65. The above test is fully satisfied in the case of both Neera and Rajiv. According to the State Government, they should not be prosecuted and therefore in the opinion of the State Government, the prosecution is as bad as a vexatious, harassing and unwarranted prosecution. According to the law of the land, the Courts must give way to the opinion and decision of the State in this manner.

66. One last point the ninth needs to be noted. The Prevention of Corruption Act is an off-shoot of the Indian Penal Code. Several sections of the Code from Section 161 were repealed and the mid 19th Century legislation, in regard to these sections was given a new shape. The Prevention of Corruption Act, 1947 was the predecessor of the present Act and where we have mentioned the old Section 5 of the old Act we have referred to this Act; that section now changed to Section 13.

67. It is not that all offences under the Prevention of Corruption Act require sanction under Section 19; for example, offences under Sections 8 and 9, which do not involve public servants directly but relate to persons, who corrupt the officials, do not require any previous sanction. An argument might be made that when these special sections were taken out by the Court and inserted with a Section 19, which was almost an identical sentinel like Section 197, the Court should not interpret the section in such a way as to require a double sanction and make prosecution under the Prevention of Corruption Act even more difficult in such than those are under the general law, under the Cr.P.C. and the I.P.C. [In the referring order, which 1 dictated after dictating this judgment but before writing those lines or signing thus judgment, it is indicated that even Section 197 itself might require a double sanction in some cases].

68. In my opinion, this is too general an argument to tilt the balance. The Prevention of Corruption Act was enacted, as it states in the beginning, for consolidating and amending the law relating to the Prevention of Corruption and for matters connected therewith.

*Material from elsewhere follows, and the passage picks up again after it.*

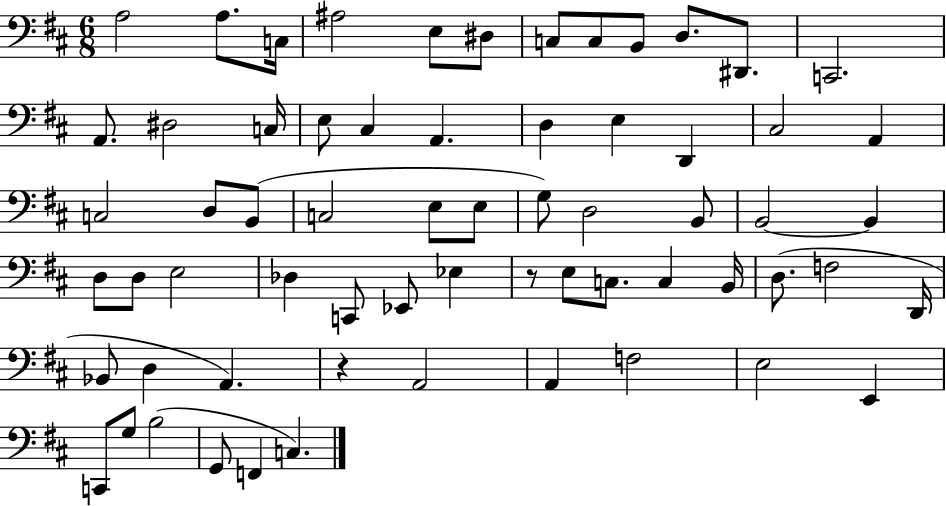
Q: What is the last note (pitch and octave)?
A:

69. The Sections are wider than the older Sections of the Indian Penal Code, which have been replaced. There is a minimum amount of punishment which is prescribed in Section 13(2) of the 1988 Act and a public servant who abuses his position as such for obtaining for himself or for any other person any valuable thing or pecuniary advantage cannot be punished for a term of imprisonment, which is less than for the duration of one year. The usual Scheme of the I.P.C. is to provide the maximum punishment; minimums are quite a rarity. We cannot read exactly into the minds of the legislature, but Section 19 might well have proceeded on the basis that where there is a minimum punishment prescribed for such an undefined term as 'abuse' of one's position as a public servant, it would be a good safeguard to require the double sanction one from the Government taking the services and yet another from the distant real employer Government, which has sent its employee over. After all, the success of a criminal prosecution will almost automatically require the discharge of an employee in the employing government's Department also and the employer Government might, within the bounds of imagination, refuse to grant sanction and call back the employee to do its own job if he, in the discretion of that Government, is thought to be yet an uncorrupted valuable piece of Government machinery. This is a tenth point and is my opinion, very important in practice.

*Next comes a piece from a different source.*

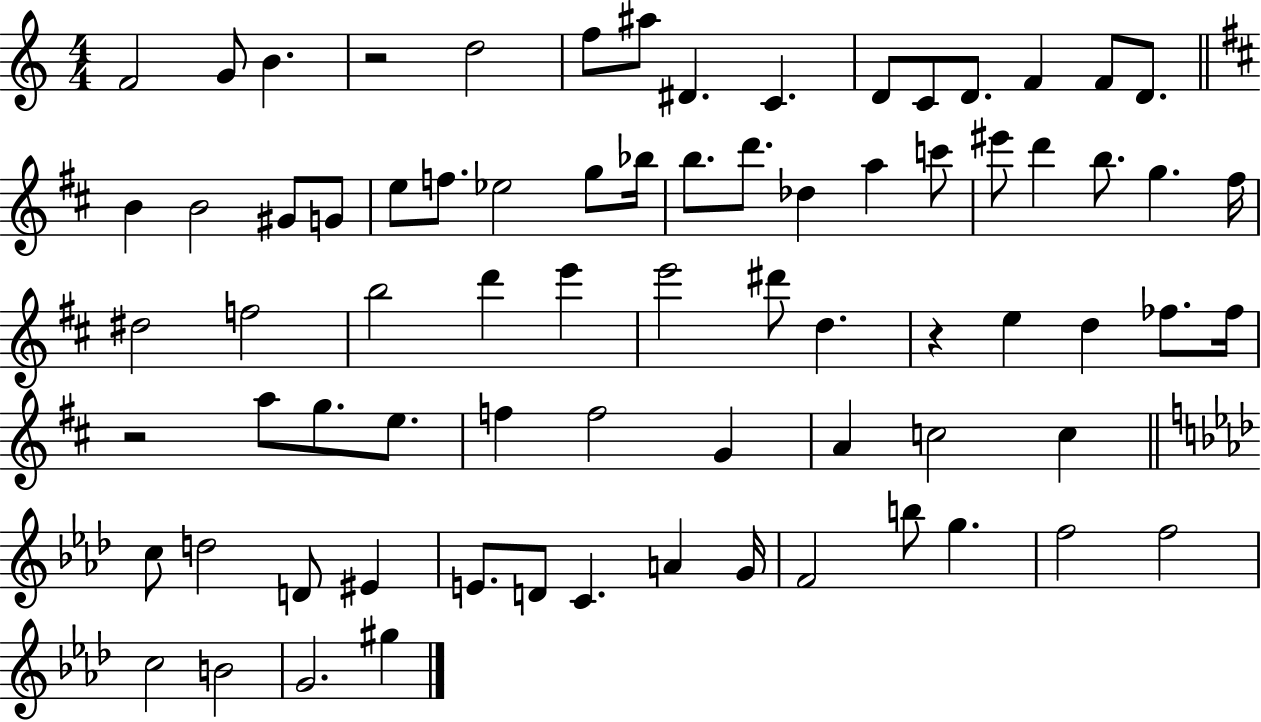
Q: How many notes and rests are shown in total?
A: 75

70. For these reasons, I am of the firm opinion that sanction under Section 197 of the Code of Criminal Procedure was an essential prerequisite for proceeding before the special Judge as far as both Smt. Neera Yadav and Sri Rajiv Kumar are concerned; if they cannot be proceeded against at all and the prosecution against them is still born, one cannot catch hold of either Dr. Mahesh Prasad or Sri Ashok Chaturvedi; if Neera is out, Ashok Chaturvedi and Mahesh Prasad cannot remain on; and to end a serious judgment in a light note permitting the same, would be like to allow the Cheshire cat to disappear, but still let is grin remain.

71. On this ground, I would allow all the applications and quash all the proceedings with direction to stay all actions against the persons accused for all time to come in relation to the said prosecution and eases.